Reputation: 695
First time running anomaly detection with isolation forest (sklearn). I have a dataframe of continuous variables mixed with categorical variables which I one hot encoded. I then created a pivot table (sum aggregate of all my fields over each day). I ran the model and added the anomaly scores and labels to my table. Question is... is there a way to see which feature(s) are contributing to the anomaly label for any given anomaly?
Also any advice on optimization would be appreciated
cols = list of fields for my model (approximately 150)
ohe = OneHotEncoder()
idf = ohe.fit_transform(df[cols]).toarray()
idf = pd.DataFrame(idf, index=df.index)
idf.columns = ohe.get_feature_names()
x = pd.concat([df.drop(columns=cols),idf],axis=1)
x = pd.pivot_table(x, index='date', values=x.loc[:, x.columns != 'date'], aggfunc=np.sum)
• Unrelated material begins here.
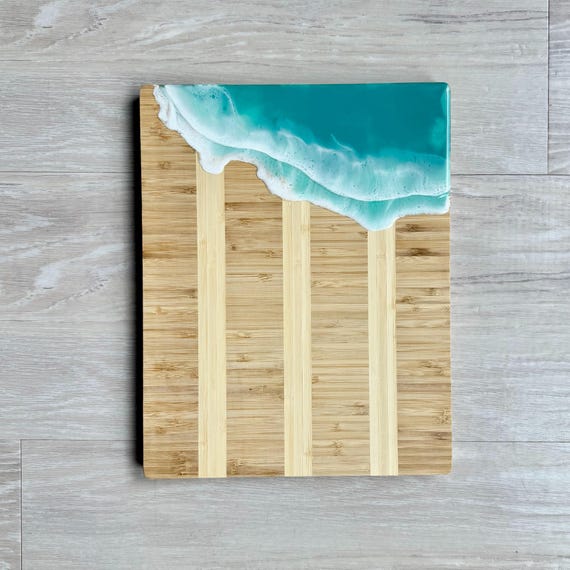 Bamboo and Resin Cheese Board, Charcuterie Board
clf=IsolationForest(n_estimators=100, max_samples='auto', contamination=float(.12), max_features=1.0, bootstrap=False, n_jobs=-1, random_state=42, verbose=0)
clf.fit(x)
x['score'] = clf.decision_function(x)
x['anomaly']= clf.predict(x.loc[:, x.columns != 'score'])
Upvotes: 0
Views: 492
Reputation: 2042
To understand a little bit the contribution of each feature I recommend you use the SHAP library.
Here you will find how to implement it in python, but basically, this library is telling you how and which values of each features are contributing to you anomaly detection algorithm.
Upvotes: 1